The 13th, an outer arrondissement of Paris is a mixture of winding cobbled lane ways, eclectic cottages, unattractive 1970’s style apartment blocks, street art on every corner, with a quiet, village atmosphere about it.
Leaving the bustling main boulevard, we worked our way through the cobbled streets, both of us photographing just about everything we came across.
Although I am not a fan of graffiti defacing walls and buildings, for some reason, it seems to work in the 13th. One of my favourites,featuring on almost every shopfront is MissTic’s stenciled street art. Although I recently learned that if she is caught adding new work, she will be heavily fined.
At exactly the moment my friend’s tummy started to rumble, we came across Chez Gladines, a quaint cafe I had been wanting to try out. A gorgeous little bistro with red and white checkered table cloths, good food, a great ambience and really friendly staff.
Clearly a popular and inexpensive place to have lunch, it wasn’t long before we were sharing a table with another couple as we sipped on a glass of Rose.
My friend, being a vegetarian, in a city full of meat eaters, finds it a little challenging to get a good meal, but her potatoes and cheese didn’t disappoint and my plat du jour of chicken in a creamy mustard sauce was delicious!
Continuing our journey of the 13th arrondissement, we happened across a quaint window with pretty flower boxes adorning the sill. We pressed the buzzer and were lead into the sweetest little shop, via a private courtyard. Atelier La Clariere sells homewares, antiques and hand-painted fabric.
My friend couldn’t resist buying a set of antique table napkins and a tablecloth, a lovely souvenir to take home.
Our time was starting to run out, we needed to head back to the Marais, to meet up with a friend of mine for drinks but a toilet break was in order.
A local tabac, provided a quick, cheap café, standing at the bar and the use of their toilets. As we entered, camera’s in hand, the barman insisted my friend take a photo of him, posing this way and that, leaning on the beer taps, tilting his head from side to side. Laughing, sipping on our espressos, my friend marvelled at the friendliness of the people we had come across and couldn’t work out where the clichéd rude Parisians were hiding!

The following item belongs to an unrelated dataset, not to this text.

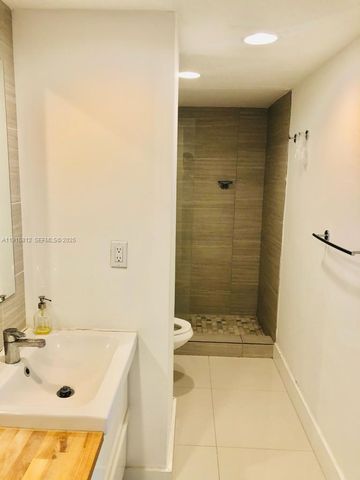 4001 S Ocean Drive 2H, Hollywood, FL 33019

Making it to my favourite bar, just in time, a lovely surprise was awaiting me. Propped up on a table top, with an array of toys about her, was my friends little baby girl. No wonder French children are so well behaved in cafes, they start at an early age. As the time passed and she got a little restless, all the waiters, including the boss, took took turns in holding her, finding ways to entertain her and keep her happy. After some cuddles, photos and Christmas present exchanges, my friend attached her little bundle of joy in a baby carrier and left us to have a delicious meal at Petit fer a Cheval.
The bar was unusually quiet and perhaps my friend who works there was bored or perhaps he wanted to ensure my friend had a memorable time in Paris, either way, he pumped up the music and after a few more glasses of Cote du Rhone and a little encouragement, had her dancing the night away.
All in all, it was just another day in Paris.